Depot dependencies [was Re: Ticket #14796 (pike): please commit]
Jordan K. Hubbard
jkh at apple.com
Wed Apr 2 17:43:05 PDT 2008
[ Making another futile attempt to use a more descriptive subject line ]
On Apr 2, 2008, at 3:56 PM, Rainer Müller wrote:
> I think it is a horrible idea. It totally defeats the feature of
> having multiple versions of a port but only one active version.
Not at all. If you want to continue the notion of /opt/local then
there's still only one "active" non-colliding port permitted in there
at a time and you still have this "feature", for whatever it's worth,
and that's not much. See below:
> If you start linking into the depot, also rewrite all calls to
> binaries to the depot and all access to /opt/local/share and so on.
> Otherwise it would totally become inconsistent. And I don't
> understand why you want to look for such files inside the depot. The
> depot stores multiple versions and you activate one and only one of
> them - the others are inactive and not used at all.
That's the problem - the others are inactive and you might WISH that
they weren't used at all, but reality from an end-user's perspective
will not fulfill this wish for you. Users WILL want to be able to use
portX and portY simultaneously where each depends on a different
version of portZ, and expecting the portX and portY folks to converge
on a single version of portZ is about as practical as expecting
everyone in the middle east to stop fighting. It won't happen, you
can't force it to happen (well, you can try, but you'll quickly run
out of time and energy) and the best you can do is try and devise a
framework which allows it to happen in a controlled fashion.
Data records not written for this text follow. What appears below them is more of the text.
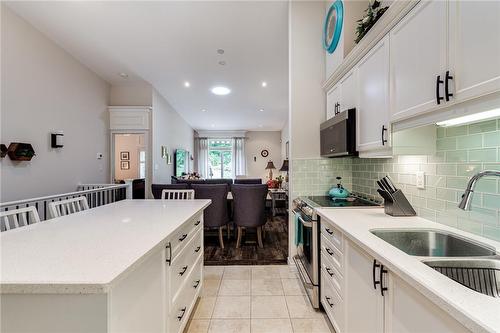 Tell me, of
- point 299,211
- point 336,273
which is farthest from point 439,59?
point 299,211

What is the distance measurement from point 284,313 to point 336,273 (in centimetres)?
72

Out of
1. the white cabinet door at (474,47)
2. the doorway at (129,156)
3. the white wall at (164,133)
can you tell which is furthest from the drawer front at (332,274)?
the doorway at (129,156)

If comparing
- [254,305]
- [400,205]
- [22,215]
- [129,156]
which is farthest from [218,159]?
[400,205]

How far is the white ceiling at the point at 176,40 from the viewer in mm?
2662

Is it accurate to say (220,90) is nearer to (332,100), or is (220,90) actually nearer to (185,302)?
(332,100)

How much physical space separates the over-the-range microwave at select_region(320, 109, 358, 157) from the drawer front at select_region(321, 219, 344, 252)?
27.2 inches

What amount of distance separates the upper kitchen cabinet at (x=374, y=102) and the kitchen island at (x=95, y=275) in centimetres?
148

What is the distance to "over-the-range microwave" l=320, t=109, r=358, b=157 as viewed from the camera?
6.60 ft

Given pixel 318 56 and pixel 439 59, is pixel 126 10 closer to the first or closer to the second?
pixel 318 56

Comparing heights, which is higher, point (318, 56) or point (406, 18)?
point (318, 56)

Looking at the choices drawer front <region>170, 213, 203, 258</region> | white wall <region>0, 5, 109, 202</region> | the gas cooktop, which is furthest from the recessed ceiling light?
drawer front <region>170, 213, 203, 258</region>

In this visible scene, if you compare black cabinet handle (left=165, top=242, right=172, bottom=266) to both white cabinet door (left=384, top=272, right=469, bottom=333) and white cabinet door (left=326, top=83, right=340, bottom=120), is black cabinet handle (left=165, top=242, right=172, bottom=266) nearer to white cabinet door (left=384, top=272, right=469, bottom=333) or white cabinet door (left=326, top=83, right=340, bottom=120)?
white cabinet door (left=384, top=272, right=469, bottom=333)

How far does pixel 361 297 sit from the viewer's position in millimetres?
1224

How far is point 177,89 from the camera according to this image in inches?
201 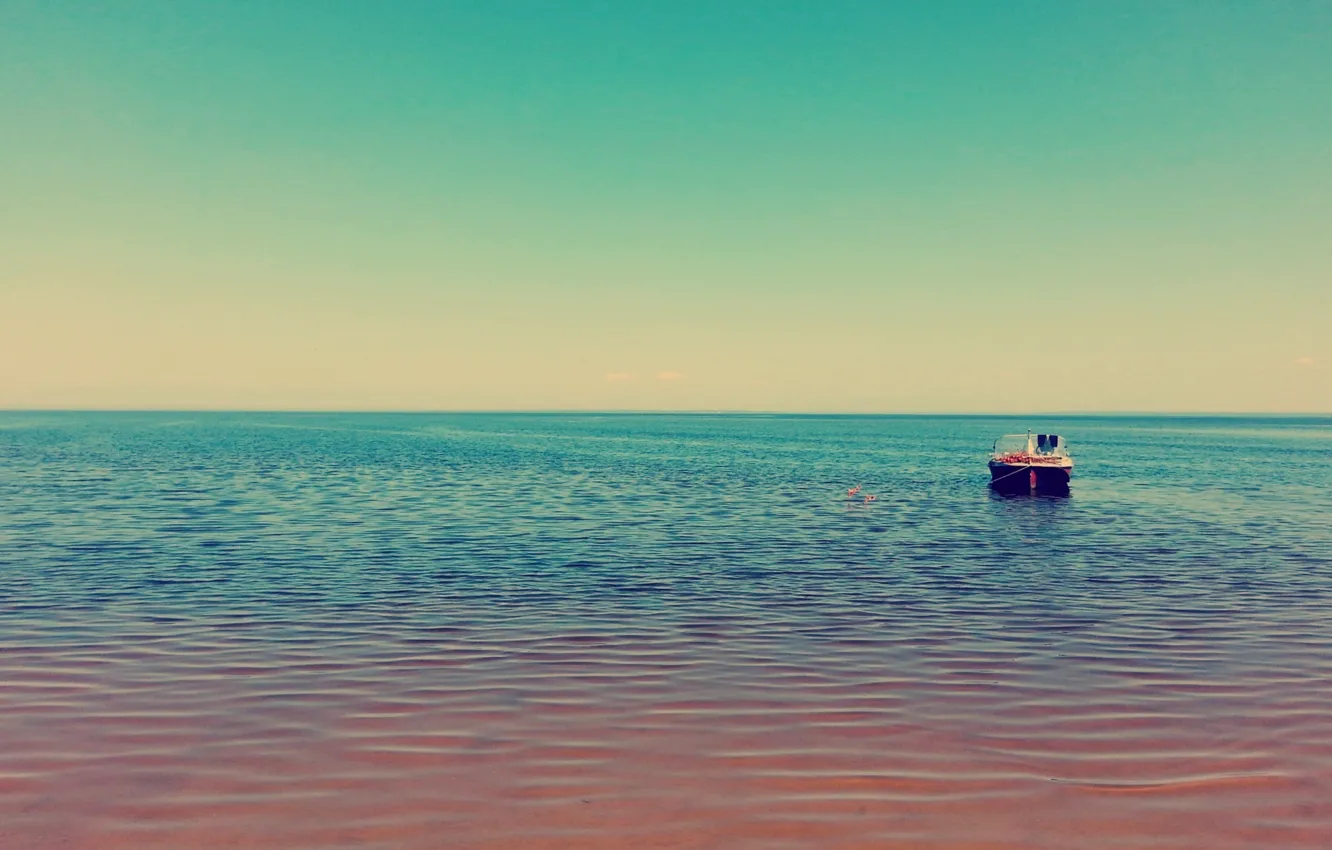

> - If I deactivate a port, I *expect* depending ports to break.
You are talking like a developer, not a user. Users *expect* to use
what may be a large collection of software, all "activated" at the
same time, and they don't want to hear about how limitations in
cooperation / available time among software developers are keeping
them from having portX and portY active at the same time. After you
have listened to them complain for a couple of years, you won't want
to hear about it either.
MacPorts is still in the honeymoon phase where few actual "end users"
use it (largely due to the absence of pre-built packages and a GUI)
and the collection is small enough that these sorts of problems don't
happen very often. Do not, however, make the mistake of thinking that
just because it is not a problem for you, or a problem today, that it
is not going to be a problem in the future.
People are also free to not believe me - that's cool - I'm used to
that. Do, however, at least give me the courtesy of keeping in mind
the fact that I did create the FreeBSD Ports Collection and was in an
excellent position to watch it grow from 200 ports to 2,000 ports to
12,000 ports, observing a number of painful experiences and "gosh, if
we'd only done X, Y or Z at the start" lessons learned along the way.
When my group at Apple created DarwinPorts, we also tried to learn
from some of those lessons and create a more flexible ports framework,
but we didn't attempt to solve every problem we knew would be coming
in the future since we had only so much time and few resources. This
is one of the problems we didn't have time to solve but knew we'd need
to if DarwinPorts ever truly became a big success and had lots of
users. Maybe that lack of success has been a blessing in disguise,
but it hardly seems like something the project would want to aim for.
A system for developers and by developers isn't nearly as interesting
as trying to actually solve the hard problems.